The design of a tunnel-boring machine

Roads are an essential section for the operation of human beings. They ensure that individuals are in a position to access diverse services all over the nation without experiencing many obstructions. In addition to that, transport supplies are needed to ensure that the supply of goods is done uniformly all over the country. The tunnel-boring machine plays a significant role in providing that the activity becomes successful; through the whole process. Therefore for a successful project, there is a need for ensuring that proper prediction of the working of the machine is done (Rober

tsonand Robertson, 2012). The process is made a reality through the determination of the design parameters associated with the machine and the functions that contribute to it working efficiently.

The machine does contain the cutting head mainly involved in the cutting process. The head is mainly characterized with the cutting discs of approximately 8 meters in diameter. The head may contain about 50 cutting discs that significantly contribute to increasing its efficiency in working. The cutting discs are further designed to be in a position to provide the forces needed for the cutting head (Font-Capó et al, 2011). The prediction of the performance of a tunnel-boring machine is primarily done basing on the cutting discs that the boring machine does harbor in carrying out its operation. Estimation is an essential section of any machine in ensuring that there is no significant difference in the result and the approximate figures. Most devices do have different ways of carrying out estimation to ensure that most of the variables involved in the whole process are achieved at the end of the day. The tunnel-boring machine does have the linear cutting test that greatly helps in the determination of the various variables established through the operation of the machine (Cho et al, 2013). One of the main parameters determined by the linear cutting test is the appropriate spacing that is needed between any two cuts that may be needed. In addition to that, the operation of the tunnel-boring machine calls for several penetrations that may be needed for its functioning. The linear cutting test does also play a significant role in determining the required penetrations. Furthermore, the device plays a significant role in determining the drive and the cutting speeds that may be needed in carrying out the whole operation process. The cutting forces can also vary depending on the kind of tunnel that is required at the end of the day and the condition of the ground that the boring machine has to encounter. The load cells greatly help in the measuring of the cutting forces allowing for the operators to carry out minor alterations of the forces being applied in the cutting process.

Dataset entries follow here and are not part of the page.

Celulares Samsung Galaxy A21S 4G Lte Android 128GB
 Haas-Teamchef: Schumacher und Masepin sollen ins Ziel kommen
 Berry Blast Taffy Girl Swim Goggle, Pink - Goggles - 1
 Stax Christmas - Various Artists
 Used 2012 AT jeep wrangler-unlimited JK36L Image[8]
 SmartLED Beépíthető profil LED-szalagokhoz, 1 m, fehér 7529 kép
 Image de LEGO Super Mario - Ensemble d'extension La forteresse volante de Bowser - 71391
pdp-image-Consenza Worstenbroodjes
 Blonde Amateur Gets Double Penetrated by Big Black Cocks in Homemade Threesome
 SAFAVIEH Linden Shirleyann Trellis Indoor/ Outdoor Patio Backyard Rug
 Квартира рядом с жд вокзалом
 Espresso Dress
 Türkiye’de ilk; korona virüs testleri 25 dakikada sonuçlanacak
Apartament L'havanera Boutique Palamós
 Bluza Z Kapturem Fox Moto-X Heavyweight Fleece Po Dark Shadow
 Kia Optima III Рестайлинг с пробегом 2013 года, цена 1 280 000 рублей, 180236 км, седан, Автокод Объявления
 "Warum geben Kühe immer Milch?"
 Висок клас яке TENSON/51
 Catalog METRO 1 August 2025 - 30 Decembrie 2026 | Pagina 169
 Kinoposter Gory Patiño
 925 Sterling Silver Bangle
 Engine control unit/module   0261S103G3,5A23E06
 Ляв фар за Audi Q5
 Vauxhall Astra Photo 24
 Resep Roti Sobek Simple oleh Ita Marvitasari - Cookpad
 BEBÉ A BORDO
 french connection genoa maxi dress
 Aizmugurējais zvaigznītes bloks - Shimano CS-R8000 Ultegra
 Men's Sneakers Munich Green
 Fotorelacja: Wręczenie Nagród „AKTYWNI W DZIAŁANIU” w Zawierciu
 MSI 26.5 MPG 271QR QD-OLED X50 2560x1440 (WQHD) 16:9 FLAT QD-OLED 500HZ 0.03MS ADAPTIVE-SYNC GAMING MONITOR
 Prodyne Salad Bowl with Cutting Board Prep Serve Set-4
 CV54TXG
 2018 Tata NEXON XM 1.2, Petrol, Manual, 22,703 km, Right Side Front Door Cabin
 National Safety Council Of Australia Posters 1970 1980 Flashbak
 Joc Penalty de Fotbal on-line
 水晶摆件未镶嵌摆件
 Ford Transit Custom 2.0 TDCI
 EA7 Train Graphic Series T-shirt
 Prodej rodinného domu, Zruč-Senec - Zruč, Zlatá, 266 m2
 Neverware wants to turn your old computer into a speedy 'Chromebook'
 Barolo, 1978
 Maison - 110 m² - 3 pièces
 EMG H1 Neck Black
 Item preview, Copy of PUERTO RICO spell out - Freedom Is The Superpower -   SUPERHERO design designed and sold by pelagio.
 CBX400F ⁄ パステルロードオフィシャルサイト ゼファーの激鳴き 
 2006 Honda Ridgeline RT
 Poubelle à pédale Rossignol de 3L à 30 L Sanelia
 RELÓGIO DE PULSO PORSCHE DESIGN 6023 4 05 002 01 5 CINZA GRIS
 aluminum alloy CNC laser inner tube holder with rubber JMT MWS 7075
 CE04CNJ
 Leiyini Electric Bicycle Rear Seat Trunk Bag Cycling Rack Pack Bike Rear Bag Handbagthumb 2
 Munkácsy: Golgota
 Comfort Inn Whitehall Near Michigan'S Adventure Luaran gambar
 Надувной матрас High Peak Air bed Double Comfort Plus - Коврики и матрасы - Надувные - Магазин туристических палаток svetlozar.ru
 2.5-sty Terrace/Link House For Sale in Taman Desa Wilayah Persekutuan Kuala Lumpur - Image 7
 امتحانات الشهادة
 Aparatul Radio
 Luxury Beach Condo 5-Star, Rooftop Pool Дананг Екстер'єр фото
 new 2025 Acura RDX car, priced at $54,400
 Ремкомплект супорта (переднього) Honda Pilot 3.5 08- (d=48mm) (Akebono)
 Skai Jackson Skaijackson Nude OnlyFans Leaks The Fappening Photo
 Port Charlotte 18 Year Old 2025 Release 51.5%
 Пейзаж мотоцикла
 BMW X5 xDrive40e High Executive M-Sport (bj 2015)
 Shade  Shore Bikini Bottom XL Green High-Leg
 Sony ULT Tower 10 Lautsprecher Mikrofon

Proper penetration of the machine calls for an appropriate prescription of the disc at a particular place to exert the penetration. Hence, there is need of making use of the standard force. The force always has to be applied perpendicular to the rolling direction to be in a position to achieve such a function. Apart from that, the force also helps in determining the thrust of the machine if normally applied to the direction of the roll (Acaroglu, 2011). The operation of the machine calls for making use of energy to ensure that it functions efficiently. The energy has to be provided in the needed amount to ensure that the whole process becomes a success. Some of the standard requirements that call for the use of energy are the torque and power requirements needed by the machine. Determining such conditions plays a major role in establishing the specific energy required; hence, openly displaying the importance of the rolling force as it greatly helps in the determination of the power and the torque. In designing the balance of thecutting head, the side force is highly considered. The balance promotes the excellent working of the machine.

                                   

The working of a tunnel boring Machine

The operation of the boring machine calls for the combination of three major components of the apparatus. The cutter head has to be present in addition to the hydraulic bracing systems that ensure proper working of the machine. Moreover, there will be need to have the excavating conveyor and any other host of the other elements. The cutter head is made with a circular metal face (Maidl et al, 2008). Several discs are interspersed in the cutter head allowing for the cutter head to make a complete rotation of 360 degrees. The result is that the force of the machine in penetrating the tunnel is considerably boosted hence pushing for the boring machine to penetrate excellently. Through the process, the material on the surfaces is loosened with the cutter discs rolling over the surface. The surface might be made of diverse materials ranging from different rocks to the soils. Over all, the rolling of the discs promotes the breaking of such materials into small pieces being referred to as chips. While the process of the chips formation being still in progress, some of them end up falling into the broad bucket lips. The bucket lips are openings that one may quickly notice on the cutter head (Maidl, Thewes and Maidl, 2014). Shelter hoppers are formed as a result of the combination of the various bucket lips.

The hopper plays a role of receiving the excavated material in the boring process. The material is after that, extended on a vast conveyor belt system. The belt after that extends through the central body located within the tunnel-boring machine. There is a backup area at the rear of the tunnel-boring machine (Ramoni and Anagnostou, 2010). The backup area experiences gradual enlargement within the tunnel system and having access to the surface. The wheeled loading unit is after that involved in the scooping of the chips ensuring that they are placed in the muck truck. The truck is a dump vehicle and large that has a significant specialization in the traversing of the tunnel system. The systems serve as storage of the excavated material allowing for further processing of the material. The whole process involves the boring machine carrying out its activities in the tunnel. The stability of the machine in the tunnel through the whole process tends to remain still hence, indicating the high levels of stability trait associated with the machine. The hydraulic braces play a significant role in establishing such stability. The mounting is done radially on the mega drills of the body. The result is that the braces do push outwards on the walls of the tunnel ensuring to increase the stability of the boring machine.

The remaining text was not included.